It was mentioned in class the other day how difficult it is to have a traditional discussion on an untraditional story where every individual reads something completely different. Characters were listed that no one had ever heard, plot points brought up that some people had not reached in the story, motifs and reoccurring themes referenced that some had read and others not. With this extreme lack of consistency, afternoon essentially differs from every novel I have ever formally studied in any of my classes. Instead, it reminds me primarily of the old point-click adventure games, such as The Hitchhiker’s Guide to the Galaxy game that I was very fond of as a kid, or those choose-your-own-adventure stories, which I am still fond of, despite their lack of prominence or relevance in the world of academia (unfortunately).

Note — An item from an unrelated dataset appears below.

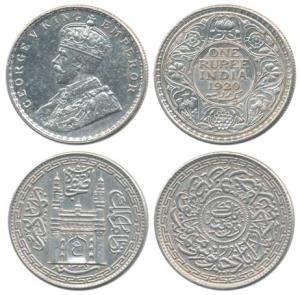 Hyderabad, Mir Usman Ali Khan, Silver Rupee, full Ain in doorway of the Charminar, AH 1235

So why the disconnect? Perhaps this too was Joyce’s intention, to create a theme of displacement in the actual story with the book’s characters, such as with Peter and his ex-wife Lisa, or the narrator (who is sometimes Peter) and the world around him. In a literary universe of disconnection, what better way to relate to the world of afternoon than have the story be separate from itself in the format, the choice of paths and endings, and the overall lack of canon or consistency from beginning to end. As a result, I wanted so badly to find some kind of connection with the story and its characters, instead of writing about just the format the book is presented in.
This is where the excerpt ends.